C’eravamo conosciuti proprio a cena una decina di anni prima. A casa sua. Dalla prima volta Gianni e Loredana mi hanno fatto sentire a casa. Forse questo è il loro segreto, che poi non è un segreto. È solo umanità. E anche tutti quei racconti di Gianni sembravano incontri con gente qualsiasi. Castro è uno conosciuto in vacanza. De Niro è l’attore del teatro parrocchiale. Muhammad Ali è il pugile della palestra popolare. Tutta gente di casa. Tutto il mondo un condominio. Tutta la vita un viaggio».
(Ascanio Celestini)

Per le nostre serie che continuano anche in questo numero ricordiamo le donne di Calendaria Nelly Sachs Premio Nobel per la letteratura 1966 e “Betty” Williams Premio Nobel per la pace 1976. 

In questo numero troverete anche un altro appuntamento di “Credito alle donne”. «Je m’appelle Attikpo Amee Akpene, ma il mio nickname è Charitè» Inizia così l’articolo La storia di Charitè, il modello Charitè, dedicato a Kpele Govie Konda presidente dell’Unione des Groupement de femme rurales

Continuiamo a parlare di cultura: Rileggere i classici. XV e XVI secolo, ci aiuterà a comprendere i meccanismi di trasmissione culturale che hanno contribuito a consolidare l’interpretazione patriarcale della società nelle opere di L’Orlando Furioso e La Gerusalemme Liberata. All the Beauty and the Bloodshed, Nan Goldin oltre la fotografia, questo è invece l’articolo in cui Emilia Guarneri ci introduce il documentario diretto da Laura Poitras. L’opera ripercorre alcune tappe della vita artistica e politica della fotografa di fama mondiale Nan Goldin, profondamente segnata dalla morte della sorella. Ci appresteremo poi a racontare un’eroica impresa di salvaguardia del patrimonio artistico-culturale, portata alla luce in una mostra nella nostra capitale. Arte liberata di Livia Capasso ci guida alla scoperta di storie di cui non si è parlato abbastanza, nella speranza che ricevano un degno riconoscimento.

Per la nostra serie Storia dell’alimentazione ci sposteremo nelle fertili valli della Mesopotamia, a indagare cibi e usanze delle antiche popolazioni di quelle zone; seguirà poi un approfondimento sulle colture dell’Antico Egitto. 

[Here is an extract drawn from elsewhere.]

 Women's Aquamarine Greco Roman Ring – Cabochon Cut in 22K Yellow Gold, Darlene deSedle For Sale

Torneremo poi in Europa, nel presente, dove ci aspetta l’analisi degli avvenimenti che stanno scuotendo la Francia attraverso le lenti del fotoreportage di un nostro collaboratore. Anche nell’articolo Trame di stoffa, trame di lotta ricordiamo le proteste pacifiste che si mossero nella Val Bisenzio nei primi decenni dello scorso secolo, tra le cui organizzatrici ricordiamo Teresa Meroni e le lavoratrici del settore tessile di quelle zone. Oggi come allora, lo sciopero e la disobbedienza civile tornano a essere strumenti dei cittadini per esprimere il proprio dissenso verso le pratiche istituzionali che riconoscono essere illegittime. Ce ne parla anche il libro Di Lotta e di Cura uscito alle stampe lo scorso febbraio per Iacobelli, in cui Maria Chiara Risoldi racconta le tappe più significative della Casa delle Donne di Bologna, nel frizzante clima dell’attivismo femminista di fine Novecento: trovate la nostra recensione in questo numero. 

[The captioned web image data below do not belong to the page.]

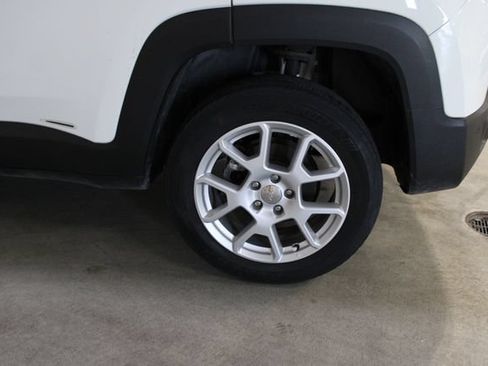 Used 2021 Jeep Renegade Latitude AWD/4WD image 32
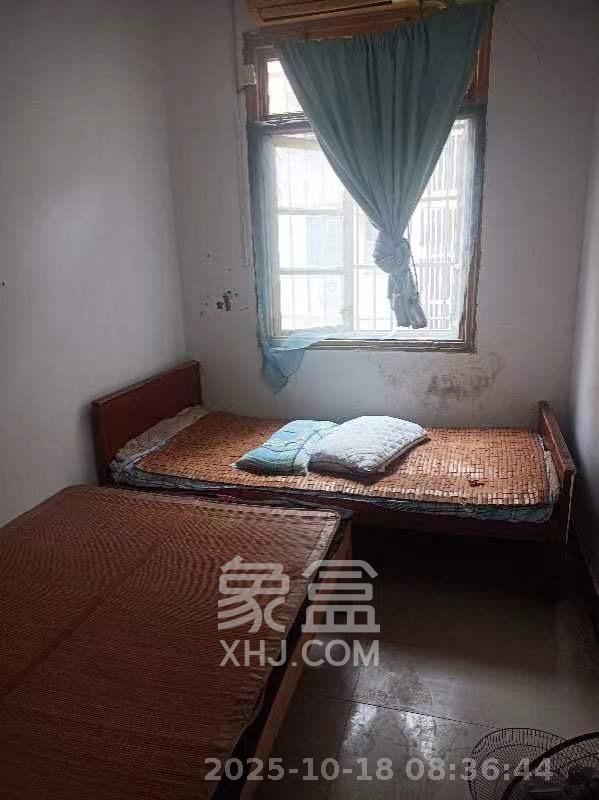 人民东路、人民中路散盘  3室1厅1卫    1500.0元/月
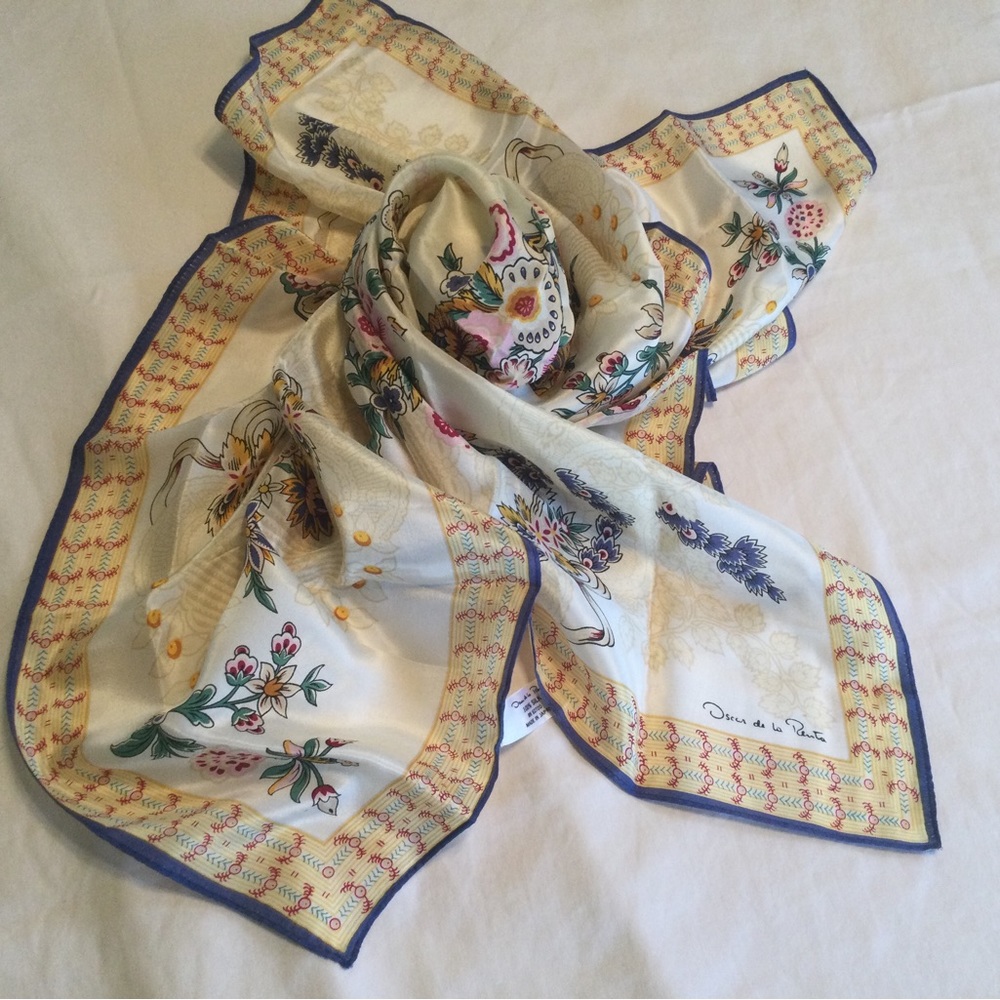Vintage Oscar de la Renta floral 100% silk scarf ~30.5" square Japan  (L4)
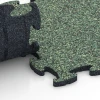 Großaufnahme vom Verbindungssystem von WARCO-Boden 6771 - Pool Surround Tiles im Farbdesign English Lawn. Abmessungen 28,9 x 28,9 x 1,8 cm.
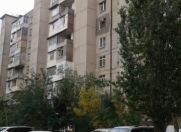 Satılır 3 otaqlı 75 m2 köhnə tikili Sərhədçi İdman kompleksi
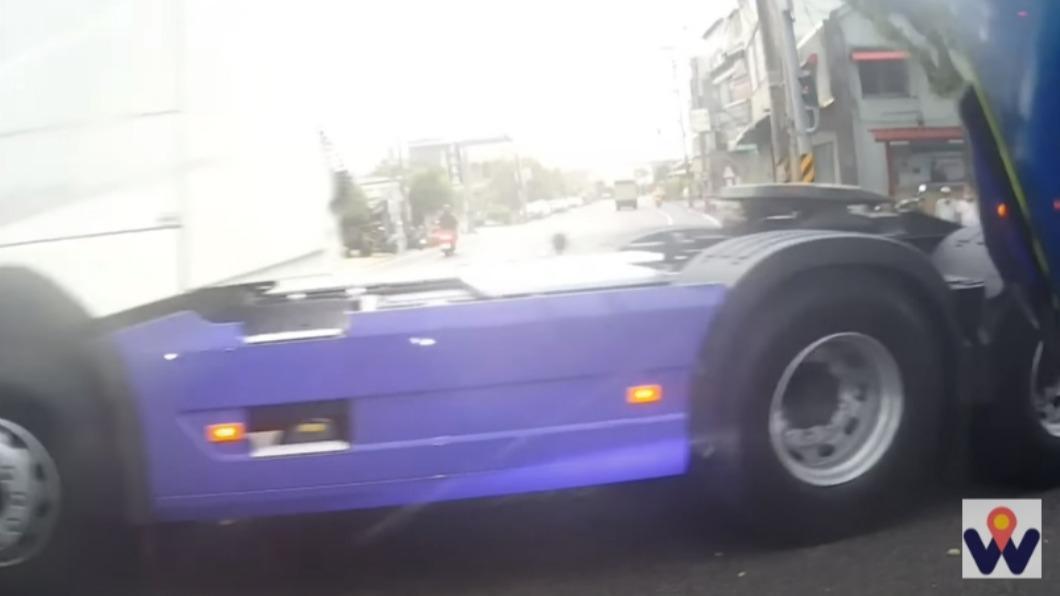 騎士急煞，險些撞上。（圖／翻攝自WoWtchout - 地圖型行車影像分享平台）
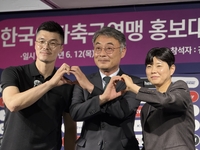 여자축구연맹 홍보대사로 뛰는 김영광·전가을 “딸에게 축구를 시켜도 이상하지 않은 환경 되도록”[SS현장]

Parlando di attualità, La guerra continua. Il primo numero di Limes 2023 parte prima svergogna, senza alcun velo, i giochetti di propaganda usati (recentemente e non) dalle principali potenze mondiali nel conflitto russo-ucraino. 

Per chi se le fosse perse, trovate le maratone dei Salotti di questa settimana (incentrate sul progetto promosso dall’UNAR Senso di marcia, in occasione XIX settimana contro il razzismo) nel canale YouTube di Toponomastica femminile; la nostra redazione ha in serbo per voi le relazioni delle conferenze condotte mattina per mattina, con il contributo essenziale di molte nostre collaboratrici e associate. Trovate le relazioni di martedì e di venerdì.

Infine, scommetto non vediate l’ora di provare la nuova ricetta La cucina vegana. Patate al forno profumate alle erbe proposta da Paola Bortolani.

Buona lettura a tutti e a tutte.

***

Articolo di Giusi Sammartino

Laureata in Lingua e letteratura russa, ha insegnato nei licei romani. Collabora con Synergasia onlus, per interpretariato e mediazione linguistica. Come giornalista ha scritto su La Repubblica e su Il Messaggero. Ha scritto L’interpretazione del dolore. Storie di rifugiati e di interpretiSiamo qui. Storie e successi di donne migranti e curato il numero monografico di “Affari Sociali Internazionali” su I nuovi scenari socio-linguistici in Italia.

Un commento

  1. Storie di tante donne. Quelle che cercano un domani con coraggio rischiando la vita. Una donna che cerca il domani su un ring e dà un pugno ai preconcetti di un mondo che ama indossare le vesti del Medioevo. Una donna che conosce le donne e si ritrova in una donna giornalista/ scrittrice che garantisce e applaude la donna che in un libro racconta di donne di un mondo lontano che cercano il domani. E firma la prefazione.
    Tante donne. Ne scelgo una. La donna che racconta le donne.
    È Giusi. Dici: ma lei guarda. Non fa fatica. Raccontare non è coraggio o fatica.
    GIUSI non guarda . Vive accanto a quelle donne: sul barcone o sul ring . È con loro .Sente l’urlo dell’ onda
    pericolosa del mare e il pugno sul.viso
    Lo senti leggendo il libro e raccontando la storia del ring. Subisce l’onda e il pugno. E ne fa con l’arte del giornalismo e della scrittura- sono arte- un racconto che ti prende. E potrebbe finire qui. Giornalista e scrittrice possono anche depositare la penna.
    Giusi va oltre. Entra nel terreno meraviglioso dell’insegnamento. Vuole quasi impone che le donne che la leggono trovino quel coraggio che forse un giorno non hanno avuto. E vuole quasi impone che gli uomini che la leggono comprendano che la donna che hanno accanto e tutte le donne sono fatte di sensibilità coraggio forza e determinazione e non si piegano.
    Ma Giusi va ancora oltre. Entra nel terreno minato della denuncia. E allora le venti donne che cercano il domani e quella sul ring sono le combattenti dei pregiudizi. Quelli di ieri che tornano. In silenzio tornano. Giusi ci mette in guardia.
    Il tutto con il.tono pacato, il.ritmo giusto, il crescente e l’avvolgente della giornalista che sa uscire dalla cronaca che dura un giorno e entra nella scrittura che dura.nel tempo. Checva al di là dell’informazione e entra nel mondo della saggezza. Un esempio di umiltà che dialoga con la saggezza. Grazie Giusi. Un abbraccio.